Les difficultés à quantifier le risque
Jean Lemaire, professeur de science actuarielle à Wharton, explique pourquoi la cyberassurance peut sembler être un marché peu lucratif pour les assureurs traditionnels : « Contrairement aux risques de catastrophes naturelles, les risques cybernétiques ne sont pas indépendants et ils évoluent rapidement. Ces deux particularités, conjuguées à l’absence de données, font qu’il est difficile pour les compagnies d’assurance de quantifier le risque et la taille des dommages, paramètres indispensables pour calculer les primes. » En outre, les pertes potentielles liées une cyberattaque varient selon le domaine et le modèle d’une entreprise, son positionnement et sa réputation, ses liens avec certaines causes et certaines valeurs.

Moore note que, après une première phase de développement simultanée à l’émergence la bulle Internet, la croissance du marché de la cyberassurance s’est trouvée freinée par les craintes du « bug de l’an 2000 » et les attaques de 9/11, dont les compagnies d’assurance n’avaient pas mesuré l’ampleur.

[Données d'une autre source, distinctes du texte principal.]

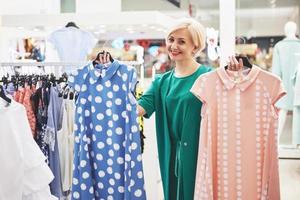 Frau Kleidung einkaufen. Shopper, der sich Kleidung im Innenbereich im Laden ansieht. schönes glückliches lächelndes asiatisches kaukasisches weibliches Modell foto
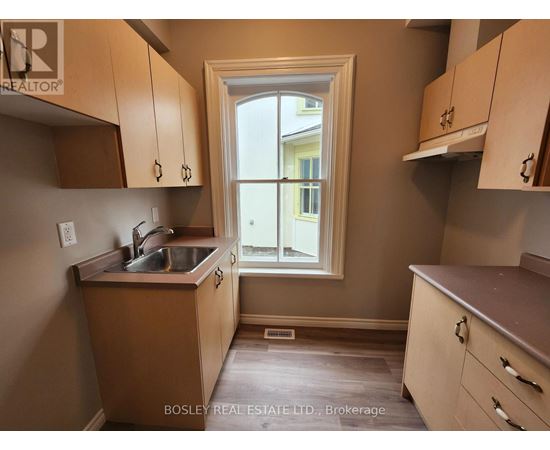 A kitchen with wooden cabinets and a window.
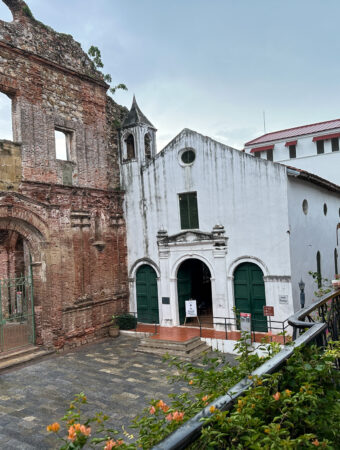 woman drinks coffee on balcony of her Panama City, Panama apartment for rent in Casco Viejo while looking at Arco Chato ruins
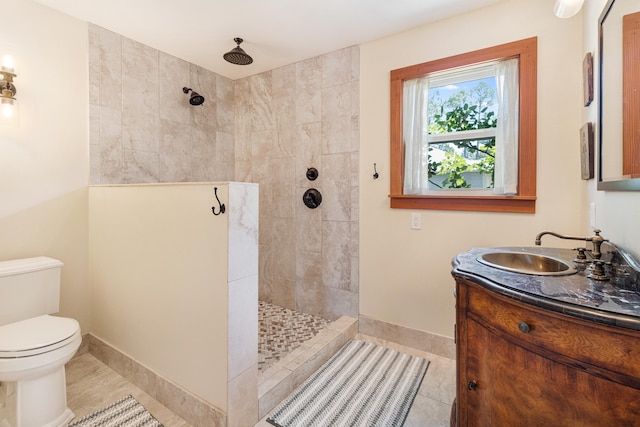 bathroom with a walk in shower, tile patterned floors, toilet, and baseboards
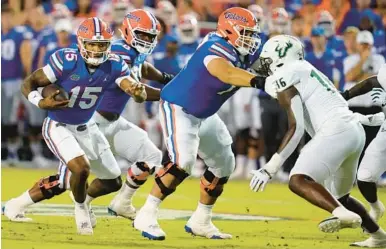  ?? JOHN RAOUX/ AP ?? Florida quarterbac­k Anthony Richardson (15) looks for running room as South Florida defensive end Eddie Kelly (16) looks to stop him. Richardson tossed two more intercepti­ons and now had four on the season.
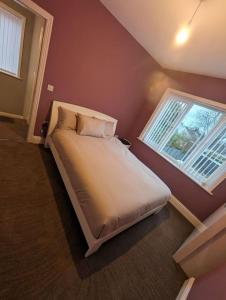 a bed in a room with a window at 3 bed home, pool-hot tub & ev charger in Darlington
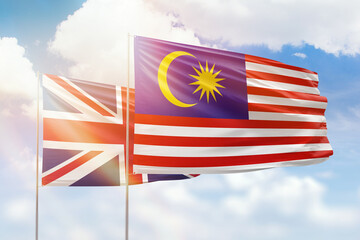 Sunny blue sky and flags of malaysia and united kingdom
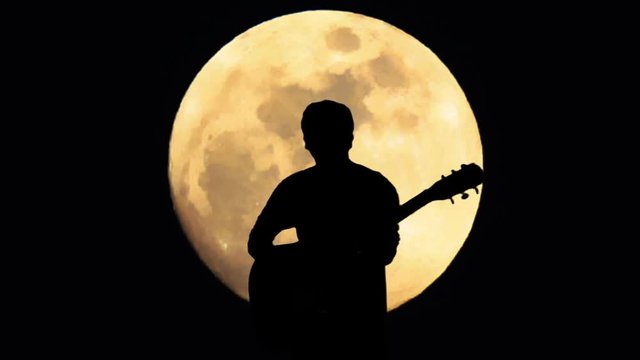 Man playing guitar with full moon on background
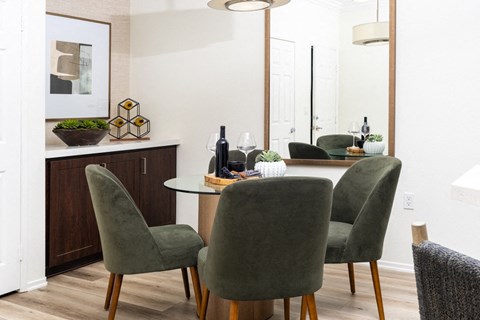 Dining nook with a round glass table, green velvet chairs, a tall framed mirror, and a dark wood buffet cabinet.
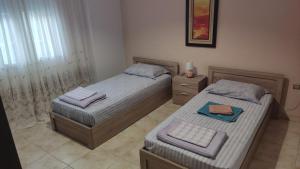 two beds in a small bedroom with at Airport's Close, Cozy Flat for 6 Persons in Markopoulo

Les primes ont augmenté et les assureurs ont commencé à supprimer la couverture des risques cybernétiques de leurs polices générales.

Gow ajoute que les prestataires limitent généralement leur exposition à un seul compte pour 10-20 millions de dollars. Bien que les entreprises souscrivent souvent des polices auprès de plusieurs compagnies, cette stratégie ne permet de réduire que marginalement leur exposition aux risques cybernétiques. En outre, en cas de dommages, elles n’arrivent pas à se faire indemniser dans le cadre de leurs assurances générales, lesquelles excluent souvent explicitement les cyberincidents. Gow évoque ainsi le différend juridique entre Zurich Insurance et Sony, qui a finalement été tranché en faveur de l’assureur en 2011.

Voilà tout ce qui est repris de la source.